Teachers, students, and representatives from various sectors of the University of the Philippines joined the call for peace Monday as the impending war in the Middle East gains momentum.

In a press conference held at the Quezon Hall lobby, members of the UP community presented a united stand against US military action against Iraq and denounced Pres. Arroyo’s support for the campaign.

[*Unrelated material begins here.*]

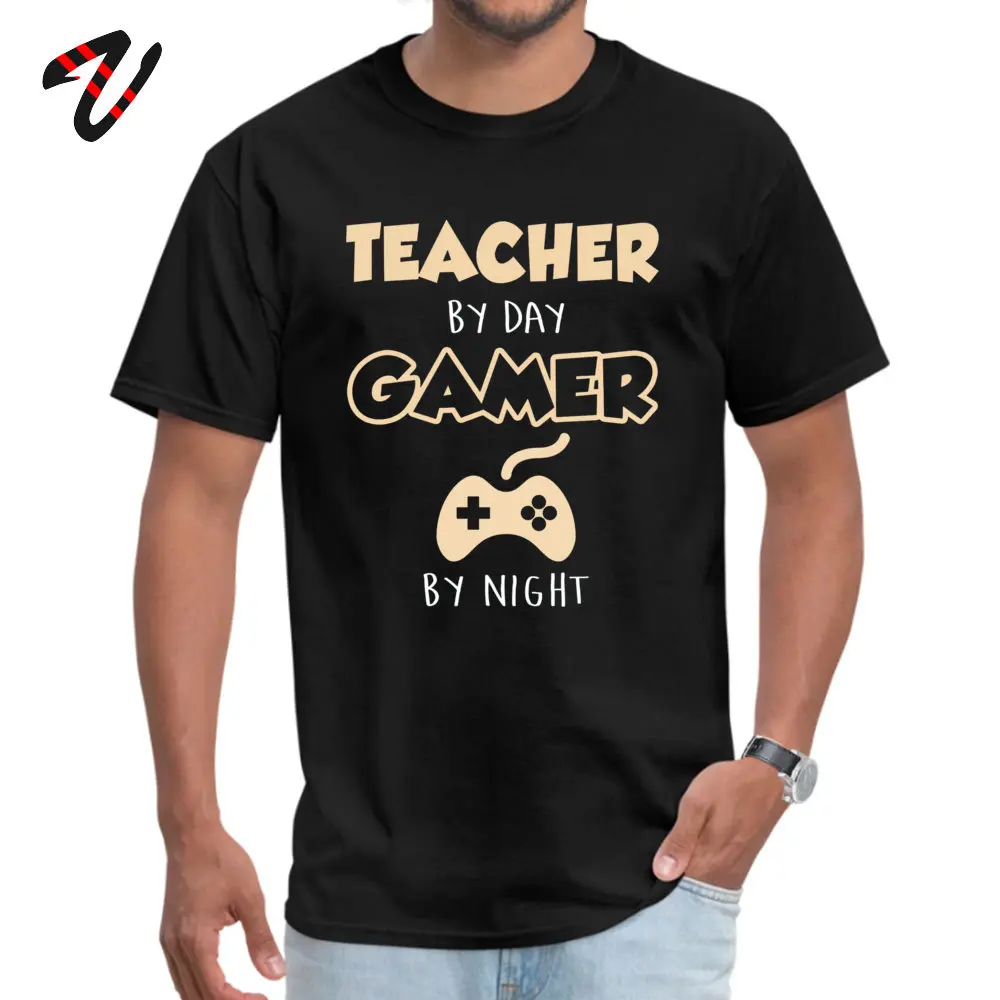 Printed Tops & Tees Wholesale O-Neck Normal Short Sleeve 100% Cotton Fabric Men T-shirts Camisa Tshirts Free Shipping Teacher By Day Gamer By Night. 16659 black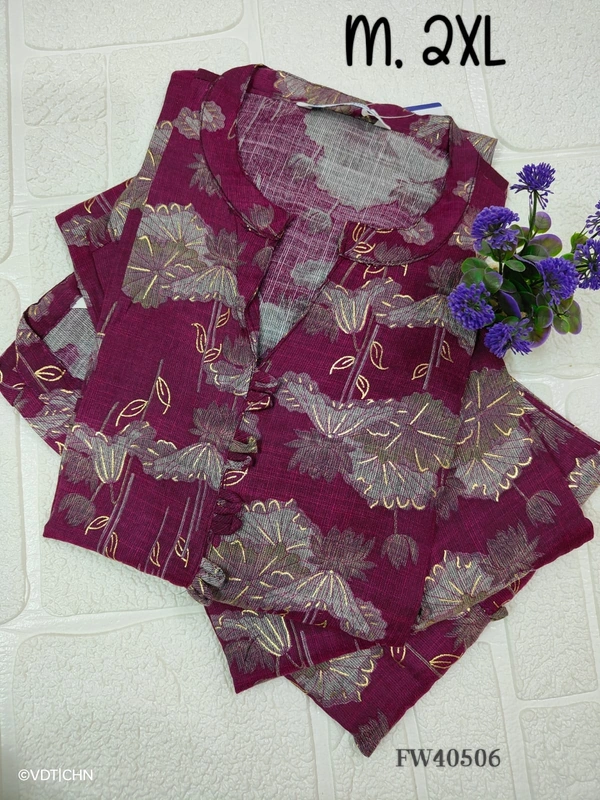Twill Blue Muslin Kurti With Silver Zari Embrodiery FW40506 - M, Onion Pink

According to Sarah Raymundo, Secretary General of the Congress of Teachers/Educators for Nationalism and Democracy, a militant organization of UP Diliman faculty members, the imminent war is nothing more than a tactical maneuver to delay the ever-worsening crisis of globalization. In a press statement, CONTEND asserted that “historically and in accordance to its imperialist interests, the United States wages war to boost its investments, to absorb the unemployed in the army, to pump up the war industry and to sell accumulated stocks as a consequence of demand brought about by destruction.” War in this case, said Raymundo, must be taken in the context of a globalized economy that equates aggression as a big business opportunity.

Former Student Regent JPaul Manzanilla, meanwhile, questioned the logic of US military action when allegations of the US government on Iraq do not have solid basis. “Charges that Iraq harbors weapons of mass destruction, maintains links with the Al Queda and poses a security threat to the US remain to be proven,” he said.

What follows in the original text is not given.